In a sense, these findings should not come as news, for they are not new—merely forgotten and overruled by popular myth. In the first three decades of the 20th century, during the previous era of mass immigration, three major government commissions came to similar conclusions. The Industrial Commission of 1901, the [Dillingham] Immigration Commission of 1911, and the [Wickersham] National Commission on Law Observance and Enforcement of 1931 each sought to measure how immigration resulted in increases in crime. Instead, each found lower levels of criminal involvement among the foreign-born and higher levels among their native-born counterparts. As the report of the Dillingham Commission concluded a century ago: “No satisfactory evidence has yet been produced to show that immigration has resulted in an increase in crime disproportionate to the increase in adult population. Such comparable statistics of crime and population as it has been possible to obtain indicate that immigrants are less prone to commit crime than are native Americans.”

This also is somewhat disturbing:

[I]mmigrants, especially those from Latin America, have lower rates of adult and infant mortality and give birth to fewer underweight babies than natives despite higher poverty rates and greater barriers to health care. But their health status—and that of their children—worsens the longer they live in the United States and with increasing acculturation.

The authors attribute this to "an ‘American’ diet high in fats, sugars, and processed foods," leading to "sharp increases in obesity and in the incidence of diseases such as diabetes and high blood pressure."

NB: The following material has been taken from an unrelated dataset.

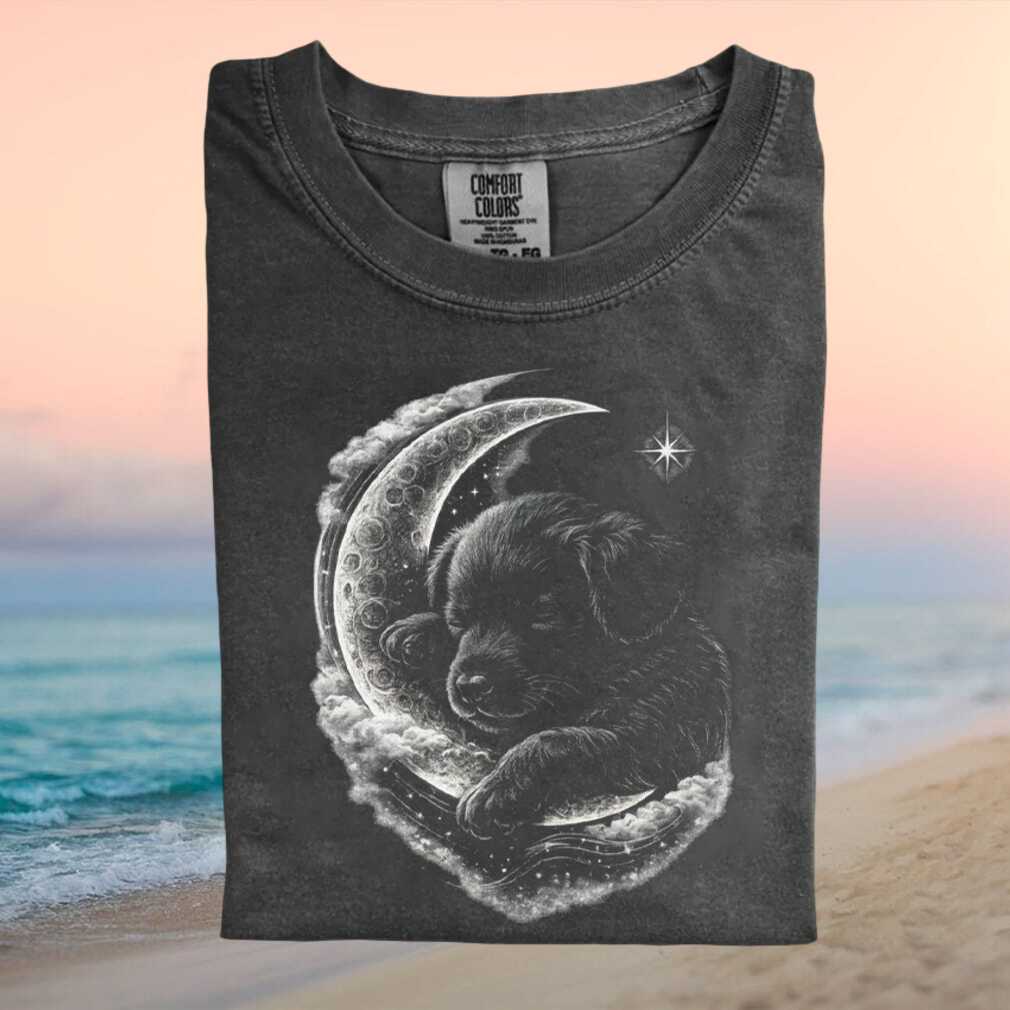 Sleeping Labrador Puppy Crescent Moon Celestial Dog T Shirt Sleeping Labrador Puppy Crescent Moon Celestial Dog T Shirt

In addition, assimilation often entails incorporation into “minority” status in the United States, particularly among poor immigrants from non-European countries. As a result, the children and grandchildren of many immigrants—as well as many immigrants themselves the longer they live in the United States—become subject to economic and social forces that increase the likelihood of criminal behavior among other natives. This is especially true in impoverished communities where the native-born in particular are much more likely than immigrants (especially recent immigrants) to experience higher rates of divorce and drug and alcohol addiction.

This is too bad, since for many immigrants, it seems that as their absolute standard of living increases, their relative quality of life decreases. And this is achieved by many through extraordinary sacrifice in pursuit of the American dream.

I guess there’s nothing more American than fighting for the right to destroy yourself.